— What the exercise asks —
Return the full listing unchanged, apart from leaving out its images.

— Information shown —

BEGIN

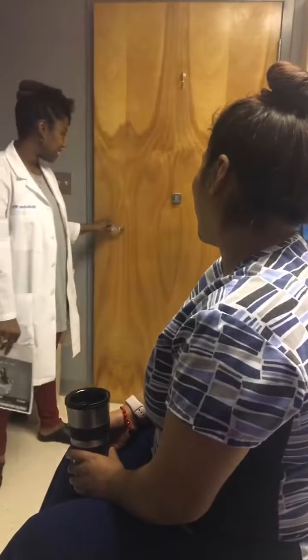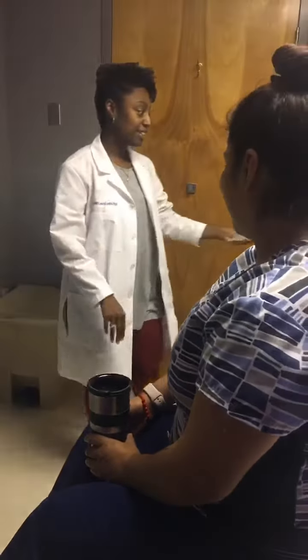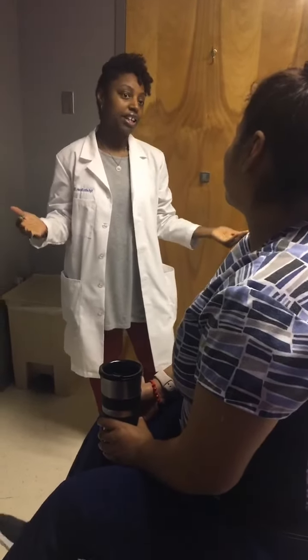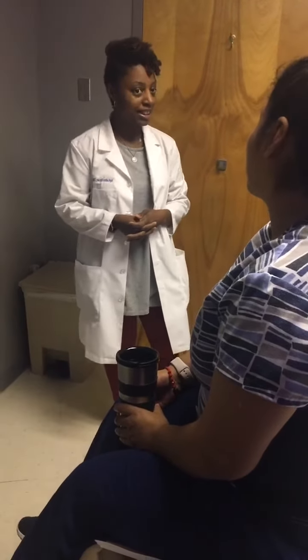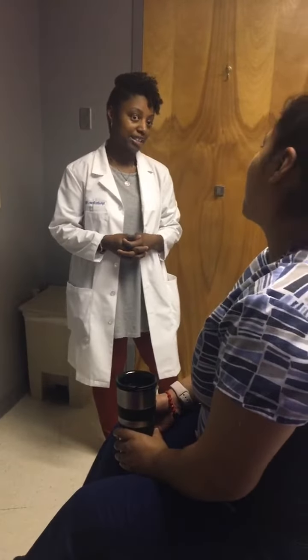Good afternoon, Ms. Janet. How are you? I'm doing great. I am Nykedra. I am actually the provider that's here seeing you today, but we are checking your blood pressure because your blood pressure has not been doing the best and we want to make sure that we actually stay on top of your blood pressure. How's that sound?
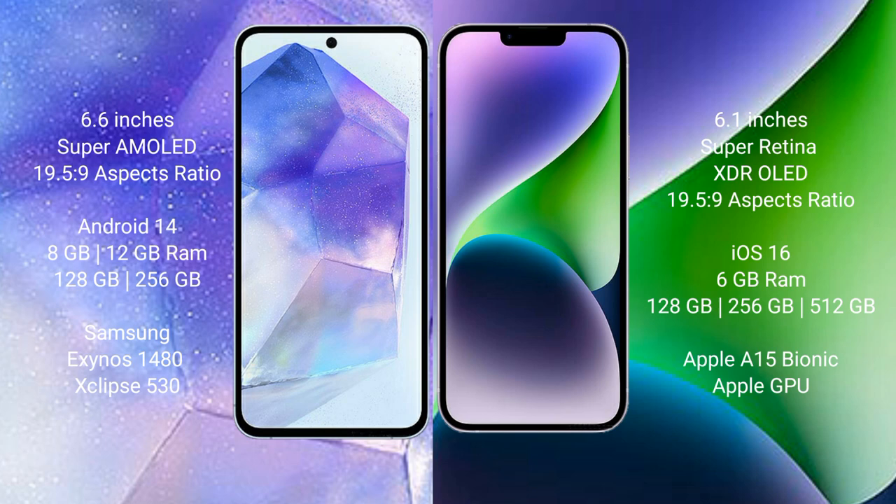The Samsung Galaxy A55 comes with 8GB or 12GB RAM and 128GB or 256GB internal storage, with the Exynos 1480 processor and GPU chipset. The iPhone 14 comes with 6GB RAM and 128GB, 256GB, or 512GB internal storage, with the Apple A15 Bionic processor and a separate GPU.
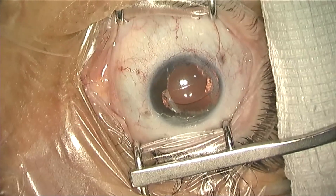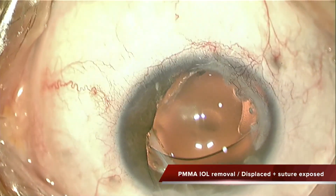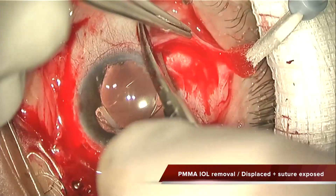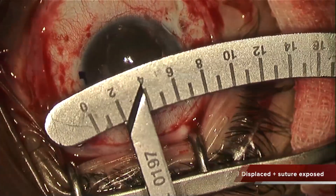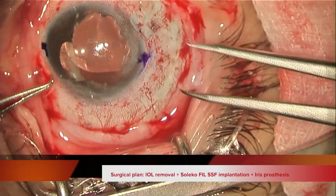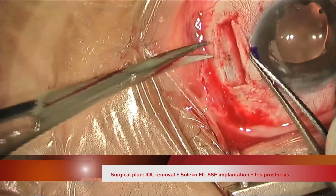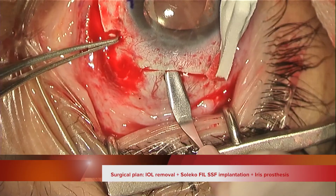This was a case of a patient who had an ocular trauma and was treated with a PMMA intraocular lens. Unfortunately, despite being well with a quite nice visual acuity, he was complaining a lot about glare.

END

— Task result —
Good afternoon, Ms. Janet. How are you? I'm doing great. I am Nykedra. I am actually the provider that's here seeing you today, but we are checking your blood pressure because your blood pressure has not been doing the best and we want to make sure that we actually stay on top of your blood pressure. How's that sound?
The Samsung Galaxy A55 comes with 8GB or 12GB RAM and 128GB or 256GB internal storage, with the Exynos 1480 processor and GPU chipset. The iPhone 14 comes with 6GB RAM and 128GB, 256GB, or 512GB internal storage, with the Apple A15 Bionic processor and a separate GPU.
This was a case of a patient who had an ocular trauma and was treated with a PMMA intraocular lens. Unfortunately, despite being well with a quite nice visual acuity, he was complaining a lot about glare.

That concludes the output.